OPINI.
Oleh : Ica Frogles, S.E.
Dalam dunia kerja yang semakin kompetitif dan terspesialisasi, penempatan seseorang pada jabatan yang tepat bukan sekadar masalah administratif, melainkan strategi krusial bagi keberhasilan organisasi. Prinsip _“the right man on the right place”_ tetap menjadi fondasi utama dalam manajemen sumber daya manusia.
Beberapa alasan mengapa keselarasan antara jabatan dengan latar belakang pendidikan dan atau keahlian sangatlah vital :
1. Efektivitas dan Efisiensi Kerja
Seseorang yang memiliki latar belakang pendidikan yang relevan dengan tugasnya tidak perlu memulai segalanya dari nol. Mereka sudah memiliki kerangka berpikir, teori dasar, dan metodologi yang diperlukan untuk menyelesaikan pekerjaan.
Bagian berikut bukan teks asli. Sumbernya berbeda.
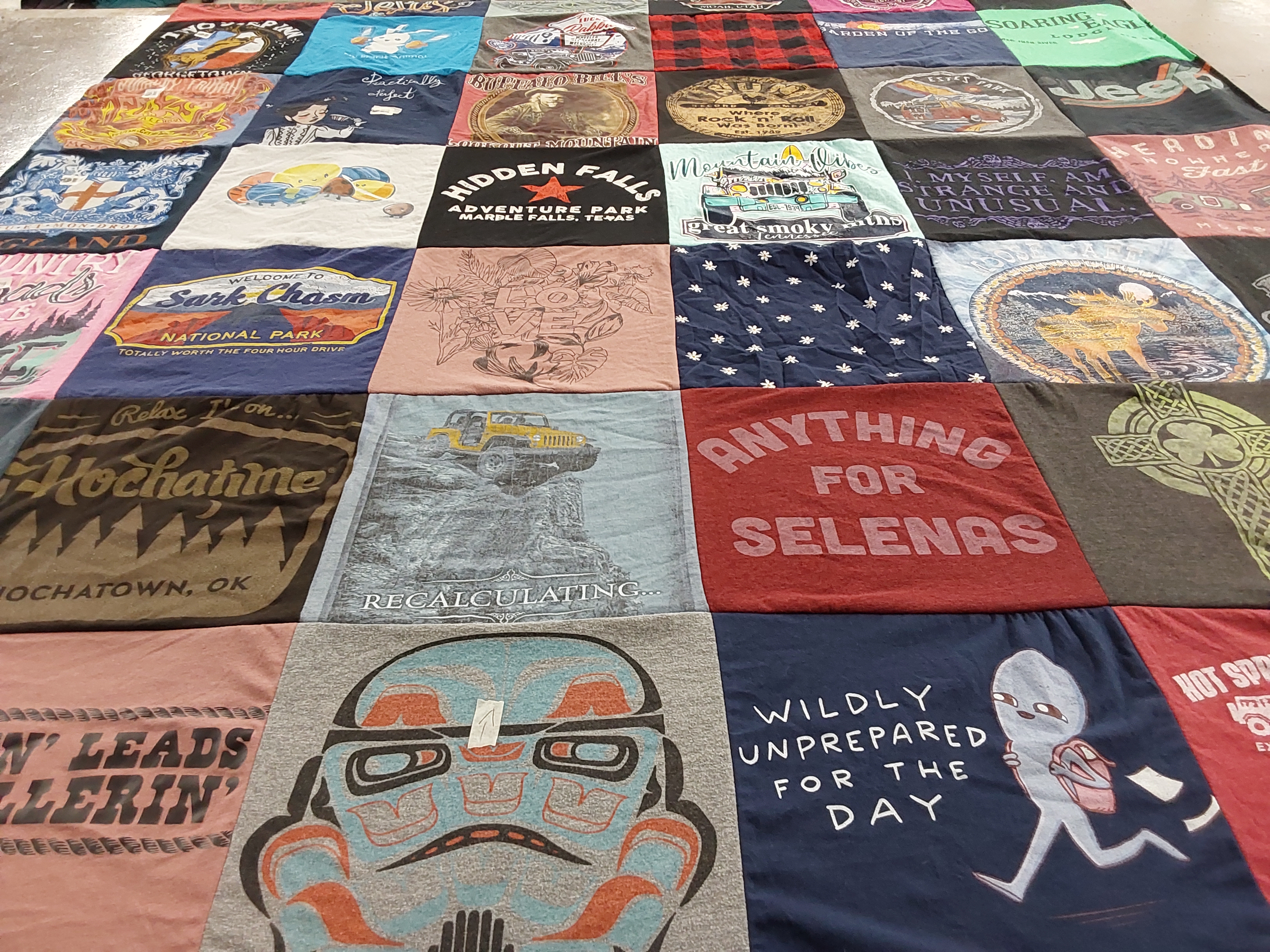T-shirt quilt with travel, outdoors themes by Angela from TX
Hal ini secara otomatis meningkatkan efisiensi waktu dan mengurangi risiko kesalahan teknis yang fatal.
2. Kualitas Output yang Unggul
Keahlian (expertise) yang diasah melalui pendidikan formal dan pengalaman praktis memungkinkan seseorang untuk bekerja dengan standar kualitas yang lebih tinggi. Seorang profesional yang kompeten di bidangnya mampu memberikan inovasi dan solusi kreatif terhadap permasalahan yang kompleks yang mungkin tidak terlihat oleh mereka yang tidak memiliki dasar ilmu yang kuat di bidang tersebut.
3. Peningkatan Motivasi dan Kepuasan Kerja
Bekerja di bidang yang dikuasai cenderung meningkatkan kepercayaan diri karyawan. Ketika seseorang merasa mampu dan kompeten dalam menjalankan tanggung jawabnya, kepuasan kerja akan meningkat. Sebaliknya, menempatkan seseorang di jabatan yang jauh dari keahliannya dapat memicu stres, rasa rendah diri, hingga kejenuhan (burnout) karena beban kerja yang terasa tidak masuk akal.
4. Keamanan dan Standar Profesionalisme
Pada profesi tertentu—seperti teknik, medis, hukum, atau keuangan—keselarasan pendidikan adalah syarat mutlak yang berkaitan dengan keamanan dan legalitas. Ketidaksesuaian kompetensi di sektor-sektor sensitif ini tidak hanya merugikan organisasi, tetapi juga dapat membahayakan keselamatan publik atau menyebabkan masalah hukum yang serius.
Sedikit melirik tentang rekrutmen posisi strategis di sebuah perusahaan daerah tepatnya Direktur PDAM di Kota Lubuklinggau yang saat ini sedang berlangsung, maka bisa dikatakan sangat jauh seperti yang diuraikan diatas. Pemilihan pimpinan sebuah perusahaan apalagi yang bersentuhan langsung dengan kepentingan masyarakat banyak tentu bukan rangkaian uji coba. Terlebih air bersih merupakan salah satu bagian terpenting dalam kemaslahatan manusia. Tentu kita berharap yang akan menjadi pimpinan atau yang memegang tongkat komando perusahaan PDAM di Kota Lubuklinggau adalah benar-benar orang yang tepat yang memang betul-betul memahami tentang manajemen pengelolaan air yang baik dan benar agar mampu memberikan pelayanan yang prima kepada masyarakat.
Maka dari itu, diharapkan panitia pelaksana dan atau panitia seleksi rekrutmen Pimpinan PDAM Kota Lubuklinggau hari ini harus melakukan evaluasi ulang. Jangan sampai timbul persoalan-persoalan baru dikemudian hari yang mana hal tersebut akan berdampak pada terhambatnya upaya mewujudkan visi “Linggau Juara”.